Enes Kanter e Patrick Beverley - Foto Pkantz CC-BY-SA 3.0

Dopo la morte di George Floyd, c’è stata la condanna unanime dei cittadini americani nei confronti dell’atteggiamento dei poliziotti di Minneapolis e ad aggiungersi al coro che chiedeva di tutelare i diritti delle minoranze, si è aggiunto a sorpresa anche il presidente turco, Erdogan, che attraverso un tweet scritto in inglese ha sottolineato come la sua nazione “si oppone sempre a tutti gli attacchi contro l’umanità.
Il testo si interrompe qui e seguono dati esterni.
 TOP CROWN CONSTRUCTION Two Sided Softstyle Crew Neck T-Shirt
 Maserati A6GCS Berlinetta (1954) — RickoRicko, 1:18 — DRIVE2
Non importa dove, con quale pretesto o sotto quale forma vengano commessi”. Un messaggio paradossale dato che proviene da un uomo che costringe il popolo turco e tutte le opposizioni a subire un trattamento tutt’altro umano. A questo punto, Enes Kanter, cestista turco dei Boston Celtics, ha voluto replicare sarcasticamente: “Sentire Erdogan discutere di diritti civili, è come chiedere a Bin Laden di parlare di libertà. Tutto il mondo lo sa che sei un dittatore lunatico. Il professionista dell’NBA ha poi proseguito condividendo un video di pochi secondi che testimoniava la brutalità delle azioni commesse proprio dalla polizia turca ai danni dei cittadini con tanto di didascalia: “Benvenuti nel Paese di Erdogan”.